Copy exactly the lines of the records below, and only those lines, beginning with the line that contains "Tokyo: Imperial Palace, Asakusa" and ending with the line that contains "Trở Thành Bạn".

• MATERIAL SHOWN
[Start of section]
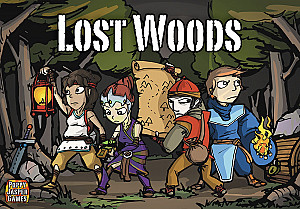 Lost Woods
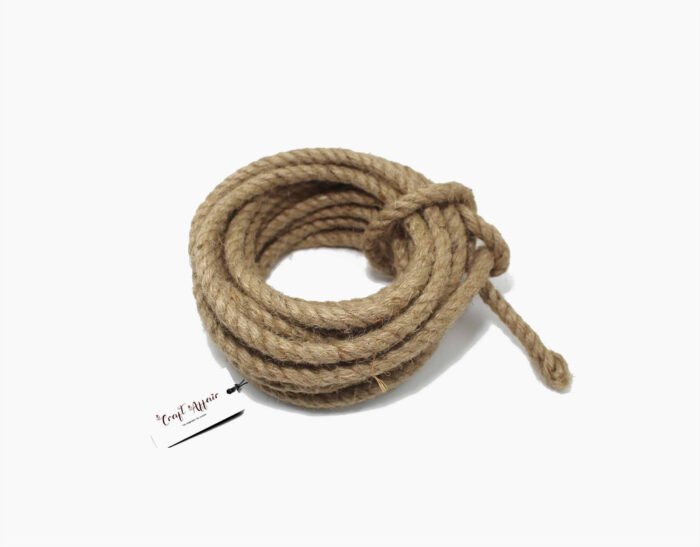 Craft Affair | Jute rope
[End of section]
[Start of section]
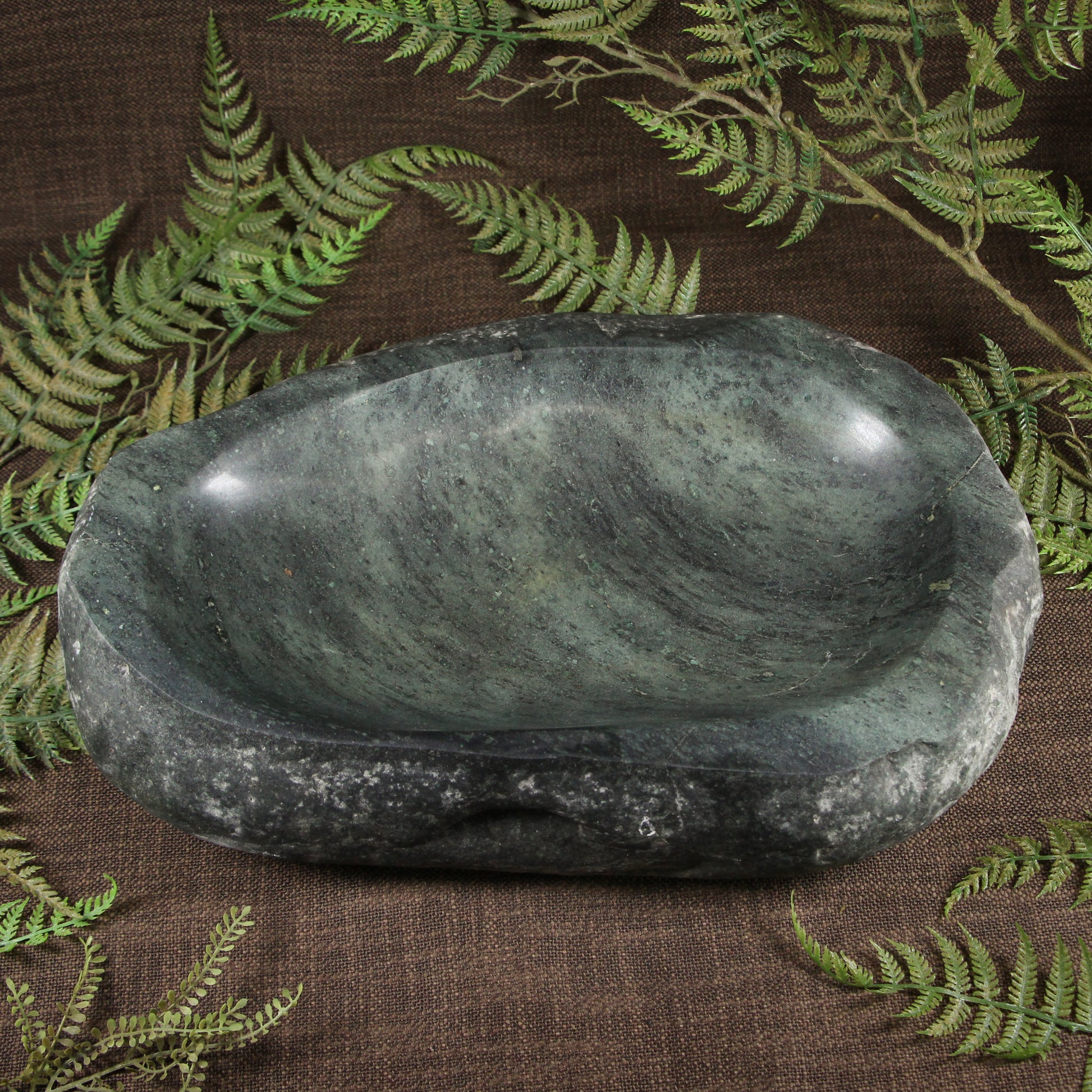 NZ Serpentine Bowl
[End of section]
[Start of section]
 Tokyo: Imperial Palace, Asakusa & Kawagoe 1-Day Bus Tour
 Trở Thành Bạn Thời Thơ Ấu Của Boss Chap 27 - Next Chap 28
[End of section]
• RESULT BELOW
 Tokyo: Imperial Palace, Asakusa & Kawagoe 1-Day Bus Tour
 Trở Thành Bạn Thời Thơ Ấu Của Boss Chap 27 - Next Chap 28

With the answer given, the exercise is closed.